CONTENT: In this course you will be introduced to the discipline of sociology. By learning about sociological theories, terms, and methods, you can develop your own “Sociological Imagination.” A way of looking at our social world that allows us to go beyond our everyday understanding to reveal the complexity of social processes.
REQUIREMENTS: 3 Exams (33%) Quizzes (50%) Inquizitive (17%)
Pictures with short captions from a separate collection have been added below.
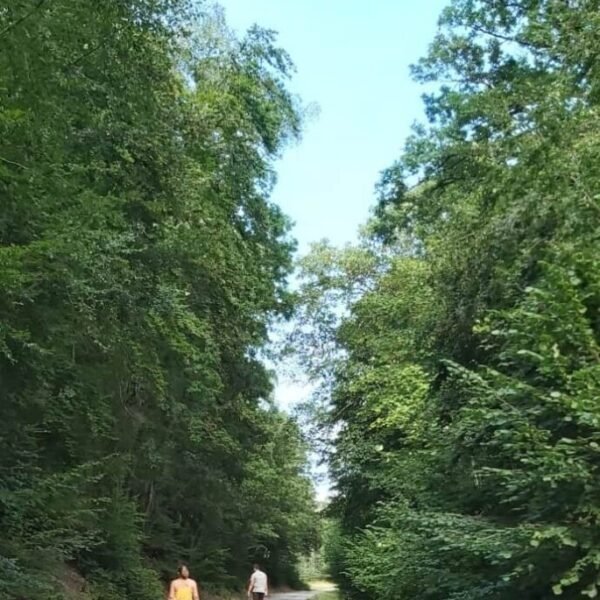 Chemin de randonnée proche du Gîte La Belle au Calme dans la Forêt d'Argonne dans la Meuse en Grand Est à Futeau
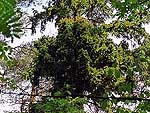 Big WB on picea abies (Karelia)
Фото Константина Коржавина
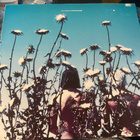 The Creatures: Boomerang 1989 LP Siouxsie - pikkukuva 1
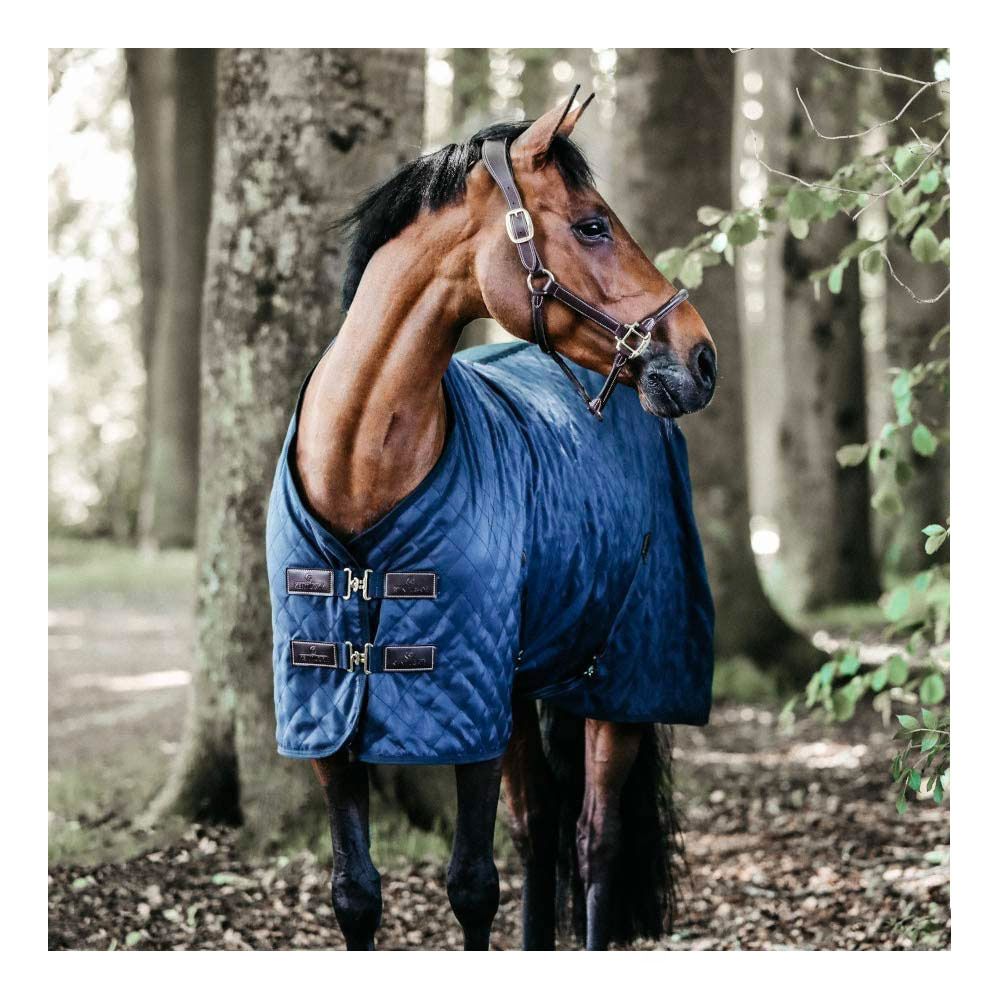 Kentucky 52124 - Chemise d'écurie navy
FORMAT: Lectures, class discussions, and online activities
SOCIOLOGY 101.3: INTRODUCTORY SOCIOLOGY TR 11:40AM – 12:55PM TBA
SOCIOLOGY 101.4: INTRODUCTORY SOCIOLOGY TR 10:05AM – 11:20AM Adrianne Dues
This course will introduce you to the foundations of sociology! We will examine many of the questions that sociologists ask and the theories that frame these questions. We will address several questions such as why is there inequality? What role does race play in our society? How is our society changing? The course will specifically look at culture, social class and inequality, race ethnicity and gender, health, social deviance, social movements, and social institutions. Using media and film, the course will also include sociological examples occurring in present day society. Throughout the course of the semester I hope to enhance your ability to think critically, develop your ability to express your thoughts, and give your insight on sociological perspectives.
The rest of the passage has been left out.